### Dataset excerpts:

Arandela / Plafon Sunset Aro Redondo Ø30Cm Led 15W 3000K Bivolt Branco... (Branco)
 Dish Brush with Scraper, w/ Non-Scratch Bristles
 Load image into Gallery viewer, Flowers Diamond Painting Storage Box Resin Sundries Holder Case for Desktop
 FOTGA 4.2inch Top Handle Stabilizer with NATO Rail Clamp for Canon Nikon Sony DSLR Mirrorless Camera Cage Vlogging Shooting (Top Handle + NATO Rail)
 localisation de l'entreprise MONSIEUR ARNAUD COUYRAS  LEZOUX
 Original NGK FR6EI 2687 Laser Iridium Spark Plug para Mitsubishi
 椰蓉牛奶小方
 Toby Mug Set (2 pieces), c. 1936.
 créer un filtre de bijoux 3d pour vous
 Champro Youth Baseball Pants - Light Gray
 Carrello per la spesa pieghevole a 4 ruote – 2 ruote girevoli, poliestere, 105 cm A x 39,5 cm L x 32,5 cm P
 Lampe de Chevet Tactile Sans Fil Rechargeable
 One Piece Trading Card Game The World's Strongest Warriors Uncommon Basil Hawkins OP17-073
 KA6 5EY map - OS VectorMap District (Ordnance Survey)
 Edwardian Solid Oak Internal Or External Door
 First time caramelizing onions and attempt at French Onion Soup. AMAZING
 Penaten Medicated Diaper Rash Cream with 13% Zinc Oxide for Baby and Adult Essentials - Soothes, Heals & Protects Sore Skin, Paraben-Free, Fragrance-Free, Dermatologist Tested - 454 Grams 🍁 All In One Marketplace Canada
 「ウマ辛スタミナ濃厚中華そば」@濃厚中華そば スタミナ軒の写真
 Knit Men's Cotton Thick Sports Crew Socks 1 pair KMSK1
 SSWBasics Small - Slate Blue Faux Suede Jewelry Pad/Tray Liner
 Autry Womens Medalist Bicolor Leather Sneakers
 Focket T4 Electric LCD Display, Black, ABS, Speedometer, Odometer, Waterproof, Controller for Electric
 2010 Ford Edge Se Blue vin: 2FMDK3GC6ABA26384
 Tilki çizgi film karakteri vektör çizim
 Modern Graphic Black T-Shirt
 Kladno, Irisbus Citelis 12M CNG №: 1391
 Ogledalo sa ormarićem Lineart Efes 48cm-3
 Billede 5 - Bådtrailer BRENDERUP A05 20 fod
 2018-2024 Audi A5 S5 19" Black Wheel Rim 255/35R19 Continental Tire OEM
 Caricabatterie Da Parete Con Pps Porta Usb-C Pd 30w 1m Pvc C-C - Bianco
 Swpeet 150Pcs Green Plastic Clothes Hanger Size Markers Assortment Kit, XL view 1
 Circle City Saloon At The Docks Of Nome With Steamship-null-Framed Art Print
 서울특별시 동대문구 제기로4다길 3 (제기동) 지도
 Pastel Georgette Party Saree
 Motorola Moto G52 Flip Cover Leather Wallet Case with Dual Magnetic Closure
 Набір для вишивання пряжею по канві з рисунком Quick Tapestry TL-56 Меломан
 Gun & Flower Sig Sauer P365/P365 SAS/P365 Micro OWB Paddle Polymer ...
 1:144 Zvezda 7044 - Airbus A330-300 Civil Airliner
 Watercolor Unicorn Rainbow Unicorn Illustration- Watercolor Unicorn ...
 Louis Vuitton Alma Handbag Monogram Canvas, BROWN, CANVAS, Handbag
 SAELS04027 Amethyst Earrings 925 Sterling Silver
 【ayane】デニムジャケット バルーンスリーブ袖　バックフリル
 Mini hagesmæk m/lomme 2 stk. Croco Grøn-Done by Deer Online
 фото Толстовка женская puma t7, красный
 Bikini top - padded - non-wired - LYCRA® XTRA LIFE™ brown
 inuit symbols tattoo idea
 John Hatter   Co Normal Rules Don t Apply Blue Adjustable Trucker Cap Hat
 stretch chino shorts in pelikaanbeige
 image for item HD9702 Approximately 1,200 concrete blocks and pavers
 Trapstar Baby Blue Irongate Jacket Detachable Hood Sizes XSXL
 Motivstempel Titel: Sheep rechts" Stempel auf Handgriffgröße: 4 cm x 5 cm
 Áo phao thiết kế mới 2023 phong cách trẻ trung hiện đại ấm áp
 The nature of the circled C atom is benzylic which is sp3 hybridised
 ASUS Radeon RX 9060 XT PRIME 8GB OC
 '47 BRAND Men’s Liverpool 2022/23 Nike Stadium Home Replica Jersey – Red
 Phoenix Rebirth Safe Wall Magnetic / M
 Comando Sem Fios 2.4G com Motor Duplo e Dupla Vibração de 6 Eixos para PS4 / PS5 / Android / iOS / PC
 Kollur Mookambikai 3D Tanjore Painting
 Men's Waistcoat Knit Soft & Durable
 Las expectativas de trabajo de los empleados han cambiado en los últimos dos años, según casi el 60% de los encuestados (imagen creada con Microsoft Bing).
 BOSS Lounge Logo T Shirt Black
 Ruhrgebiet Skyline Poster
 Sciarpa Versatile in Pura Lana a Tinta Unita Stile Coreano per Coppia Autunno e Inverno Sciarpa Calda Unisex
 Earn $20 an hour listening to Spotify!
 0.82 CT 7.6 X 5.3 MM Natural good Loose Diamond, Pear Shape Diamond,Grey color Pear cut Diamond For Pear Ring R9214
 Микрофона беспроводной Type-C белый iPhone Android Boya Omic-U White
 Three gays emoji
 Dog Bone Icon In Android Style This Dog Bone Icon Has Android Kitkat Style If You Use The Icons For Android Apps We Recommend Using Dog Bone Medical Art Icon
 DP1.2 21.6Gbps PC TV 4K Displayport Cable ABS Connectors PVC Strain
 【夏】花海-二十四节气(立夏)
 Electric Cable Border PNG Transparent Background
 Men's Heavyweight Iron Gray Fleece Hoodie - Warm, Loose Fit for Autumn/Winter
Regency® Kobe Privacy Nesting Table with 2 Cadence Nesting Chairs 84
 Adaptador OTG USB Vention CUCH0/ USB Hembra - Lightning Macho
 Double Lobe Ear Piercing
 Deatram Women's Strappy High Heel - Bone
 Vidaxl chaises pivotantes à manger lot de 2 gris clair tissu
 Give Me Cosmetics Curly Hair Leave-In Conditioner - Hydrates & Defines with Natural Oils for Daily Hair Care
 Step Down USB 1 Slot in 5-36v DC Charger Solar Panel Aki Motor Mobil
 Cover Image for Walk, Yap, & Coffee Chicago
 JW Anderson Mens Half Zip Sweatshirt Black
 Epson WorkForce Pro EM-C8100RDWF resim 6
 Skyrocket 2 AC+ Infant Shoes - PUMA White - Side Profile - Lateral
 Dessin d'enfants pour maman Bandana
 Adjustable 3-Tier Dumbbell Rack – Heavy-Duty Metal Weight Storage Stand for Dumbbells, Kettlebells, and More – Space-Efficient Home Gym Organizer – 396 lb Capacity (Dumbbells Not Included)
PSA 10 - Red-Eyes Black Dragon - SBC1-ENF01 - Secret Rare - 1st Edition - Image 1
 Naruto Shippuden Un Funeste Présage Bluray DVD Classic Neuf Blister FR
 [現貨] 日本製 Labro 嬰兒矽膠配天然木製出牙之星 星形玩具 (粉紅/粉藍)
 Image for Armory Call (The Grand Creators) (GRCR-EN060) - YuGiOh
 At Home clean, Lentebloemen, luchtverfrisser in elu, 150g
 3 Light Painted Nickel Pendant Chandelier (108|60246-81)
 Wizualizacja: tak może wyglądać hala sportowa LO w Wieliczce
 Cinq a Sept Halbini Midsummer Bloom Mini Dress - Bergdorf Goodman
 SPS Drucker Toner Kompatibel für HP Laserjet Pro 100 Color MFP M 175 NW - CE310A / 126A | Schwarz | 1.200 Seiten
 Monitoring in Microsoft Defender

### Required work:
Everything from the line containing "Electric Cable Border" through the line containing "Double Lobe Ear Piercing" in the material above should be retyped exactly, both ends included, and nothing more.

### Reply to the task:
 Electric Cable Border PNG Transparent Background
 Men's Heavyweight Iron Gray Fleece Hoodie - Warm, Loose Fit for Autumn/Winter
Regency® Kobe Privacy Nesting Table with 2 Cadence Nesting Chairs 84
 Adaptador OTG USB Vention CUCH0/ USB Hembra - Lightning Macho
 Double Lobe Ear Piercing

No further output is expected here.